Asylum seeker army tents coming down in Bern
Army tents housing 300 asylum seekers near the capital, Bern, will be dismantled from mid-December and not used for emergency accommodation this winter. Meanwhile, Swiss cantons are struggling to find sufficient housing to cope with large influxes this year.
In a statement issued on Monday evening, the Lyss-Kappelen communal authorities said they were “happy” that the decision had been taken to end the emergency tent accommodation set up on the property of the local asylum centre.
Occupied by 300-350 people, the tent infrastructure and organisation was ‘overloaded’, the communal presidents declared.
The army tents had been set up in September as a temporary measure to cope with influxes of asylum seekers.
Local politicians criticised plans to reinstall the tents elsewhere and use them during the cold winter months as “unacceptable and unworthy”. Some 200 asylum seekers will be housed at the transit centre from mid-December, the statement said.
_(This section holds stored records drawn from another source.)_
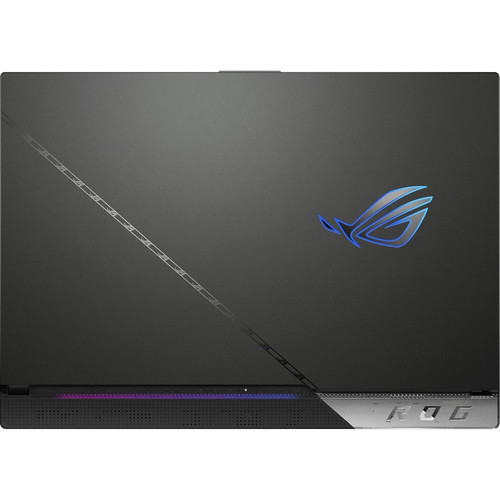 Asus G733ZM-DS71-CA ROG Strix SCAR 17 Gaming Notebook - 17. 3" FHD 360Hz - Intel Core i7-12700H - 16GB DDR5 - 1TB NVMe SSD - NVIDIA GeForce RTX 3060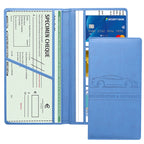 Car Registration & Insurance Card Holder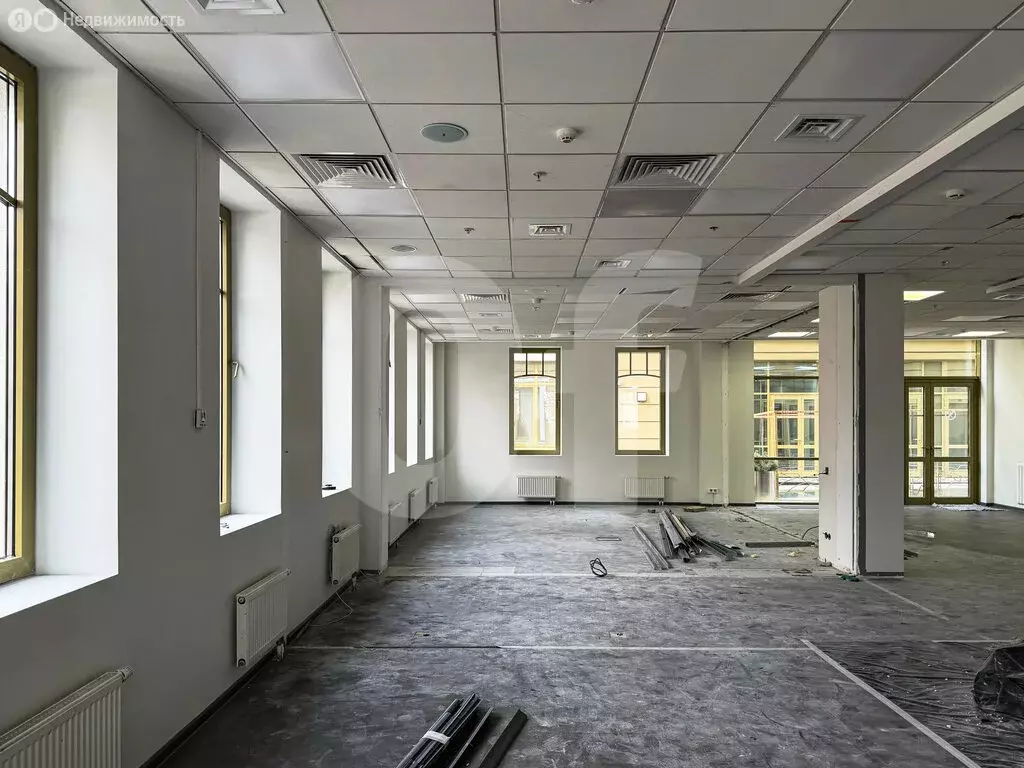 Офис (654 м) - Фото 2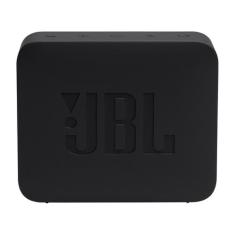 Caixa de Som Bluetooth JBL Go Essential 2 Preto, Preto, Bivolt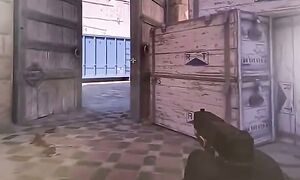 ПК размером в ладонь - FIREBAT AM02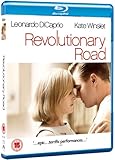 Revolutionary Road [Blu-ray] [2008]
In canton Aargau as well, tents were used this summer to temporarily house asylum seekers but later dismantled. Officials are considering replacing them with mobile Ikea housing units, as are cantons Basel and Fribourg.
Asylum figures
Swiss migration officials anticipate 29,000 asylum applicants for 2015, an increase on recent years but below the peaks of the 1990s.
However, the State Secretariat for Migration recently warned the 26 cantons that they might have to accommodate more arrivals.
Local resistance and a dearth of suitable accommodation mean that housing for asylum-seekers remains a challenge.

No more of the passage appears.